Name des Einsprechenden: Henkel AG & Co. KGaA
Kammer: 3.3.10
Leitsatz: -
Relevante Rechtsnormen:
European Patent Convention Art 54
European Patent Convention Art 56
Schlagwörter: Neuheit - Hauptantrag (ja)
Erfinderische Tätigkeit - Hauptantrag (ja)
Orientierungssatz:

-

Angeführte Entscheidungen:
T 0988/95
T 1029/96
T 0218/00
Anführungen in anderen Entscheidungen:
-

Sachverhalt und Anträge

I. Die Beschwerde der Beschwerdeführerin (Einsprechende) richtet sich gegen die Entscheidung der Einspruchsabteilung, mit welcher das europäische Patent Nr. 2 374 483 in geänderter Fassung gemäß Hauptantrag vom 8. Dezember 2015 aufrecht erhalten wurde.

II. Der Wortlaut des unabhängigen Anspruchs 1 gemäß Hauptantrag vom 8. Dezember 2015 lautet wie folgt:

"1. Reinigungs- und Beduftungsmittel für den Sanitärbereich, welches Mittel wenigstens zwei Phasen umfasst, wobei

die erste Phase eine Gel- oder Seifenphase oder ein auf wasserlöslichen oder wasserdispergierbaren Polymeren basierendes System ist und die erste Phase einen ersten Duftstoff und wenigstens 5 Gew.% eines Lösemittels umfasst, wobei Duftstoffe ebenfalls Lösemittel sind, sofern sie flüssig sind und als Lösemittel dienen, und die zweite Phase eine Reinigungsmittelformkörperphase ist, die wenigstens 10 Gew.% Tenside und einen zweiten Duftstoff umfasst,

der erste und der zweite Duftstoff voneinander verschieden sind und die Auflösegeschwindigkeit der ersten und der zweiten Phase in Wasser unterschiedlich ist, wobei die erste Phase einen Teil der Oberfläche des Mittels bildet, um ein kontinuierliches Abdampfen des ersten Duftstoffs aus der ersten Phase zu gewährleisten und die Reinigungsmittelformkörperphase einen weiteren Teil der Oberfläche des Mittels bildet, um durch Abspülen der Reinigungsmittelformkörperphase den zweiten Duftstoff freizusetzen und der Anteil der Reinigungsmittelformkörperphase in dem Mittel wenigstens 50 Gew.% beträgt."

III. Im Einspruchsverfahren war das Streitpatent in seinem gesamten Umfang unter Artikel 100 a) EPÜ wegen mangelnder Neuheit (Artikel 54 EPÜ) und fehlender erfinderischer Tätigkeit (Artikel 56 EPÜ) angegriffen worden.

IV. In der angefochtenen Entscheidung bezog sich die Einspruchsabteilung u.a. auf die Druckschrift

(1) EP-A-2 014 758 und

(2) EP-A-1 418 225.

Sie stellte fest, dass der Gegenstand des Anspruchs 1 neu sei, da die Offenbarung der Druckschrift (1) nicht offenbare, dass der Duftstoff der ersten Phase flüssig ist und die in den beiden Phasen verwendeten Duftstoffe voneinander verschieden sein müssen.
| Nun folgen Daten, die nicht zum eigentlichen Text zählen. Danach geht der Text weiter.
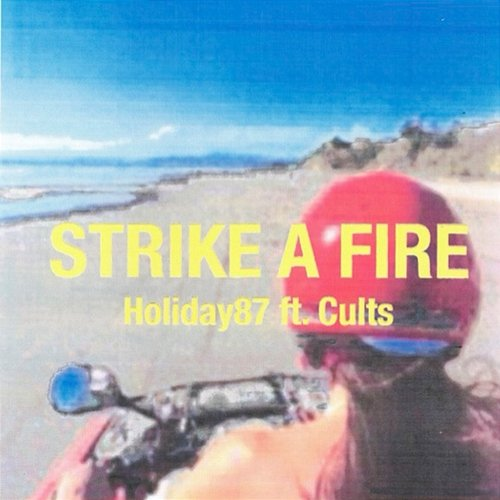 Strike a Fire Holiday87, The Knocks, Cults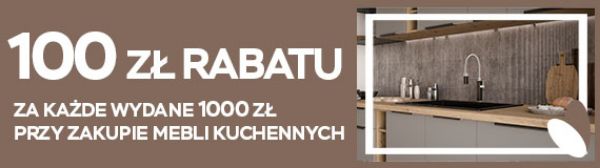 100 zł rabatu za każde wydane 1000 zł przy zakupie mebli kuchennych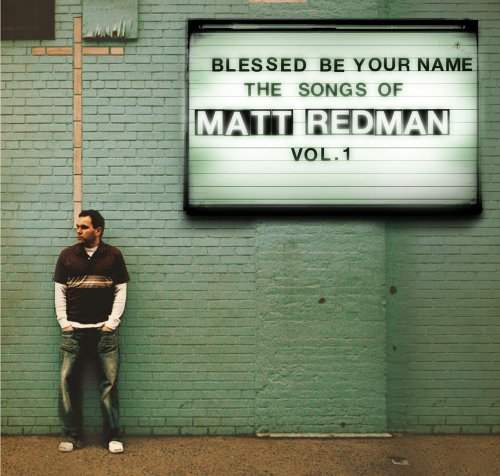 Blessed Be Your Name: The Songs Of Matt Redman Vol. 1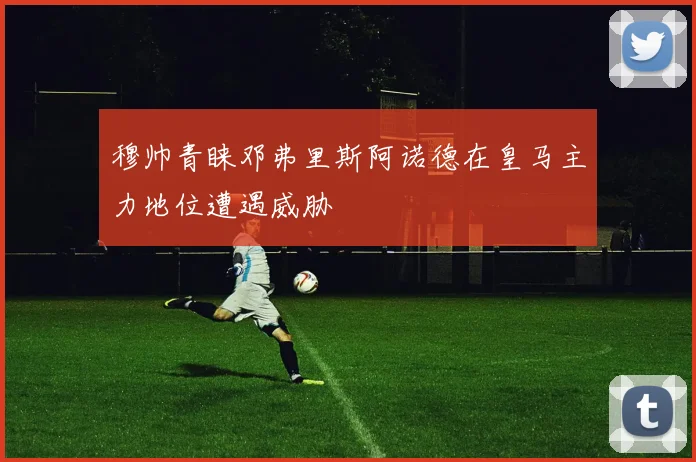 穆帅青睐邓弗里斯阿诺德在皇马主力地位遭遇威胁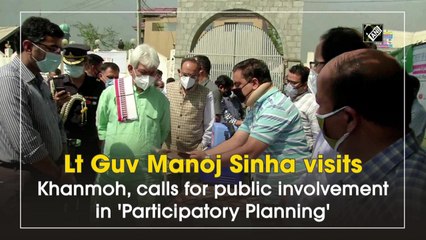 Lt Guv Manoj Sinha visits Khanmoh, calls for 'participatory planning'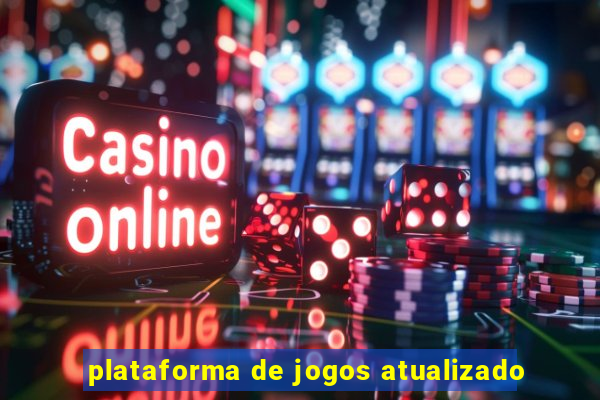 plataforma de jogos atualizado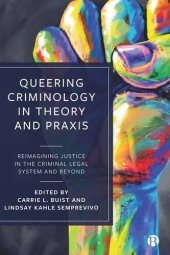 book Queering Criminology in Theory and Praxis: Reimagining Justice in the Criminal Legal System and Beyond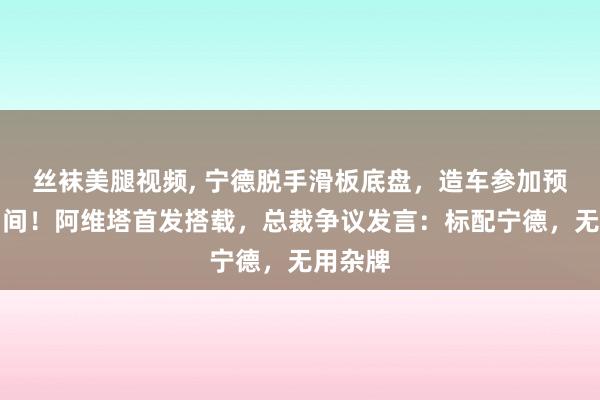 丝袜美腿视频， 宁德脱手滑板底盘，造车参加预制菜期间！阿维塔首发搭载，总裁争议发言：标配宁德，无用杂牌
Ausgehend von der Druckschrift (1) als nächstliegendem Stand der Technik habe es nicht nahegelegen, verschiedene Duftstoffe mit unterschiedlichem Freisetzungsprofil einzusetzen, um einem Gewöhnungseffekt entgegenzuwirken.

V. In ihrer Beschwerdebegründung vom 27. Mai 2016 trug die Beschwerdeführerin erneut vor, dass der in Tabelle 8 der Druckschrift (1) als Beispiel V3 bezeichnete Reinigungsmittelformkörper alle technischen Merkmale des Anspruchs 1 gemäß Hauptantrag offenbare. Ausgehend von der Druckschrift (1) als nächstliegendem Stand der Technik habe die Aufgabe darin bestanden, ein alternatives Mittel bereitzustellen. Da die Druckschrift (1) bereits alle Merkmale des Anspruchs 1 gemäß Hauptantrag offenbare, beruhe der beanspruchte Gegenstand nicht auf einer erfinderischen Tätigkeit.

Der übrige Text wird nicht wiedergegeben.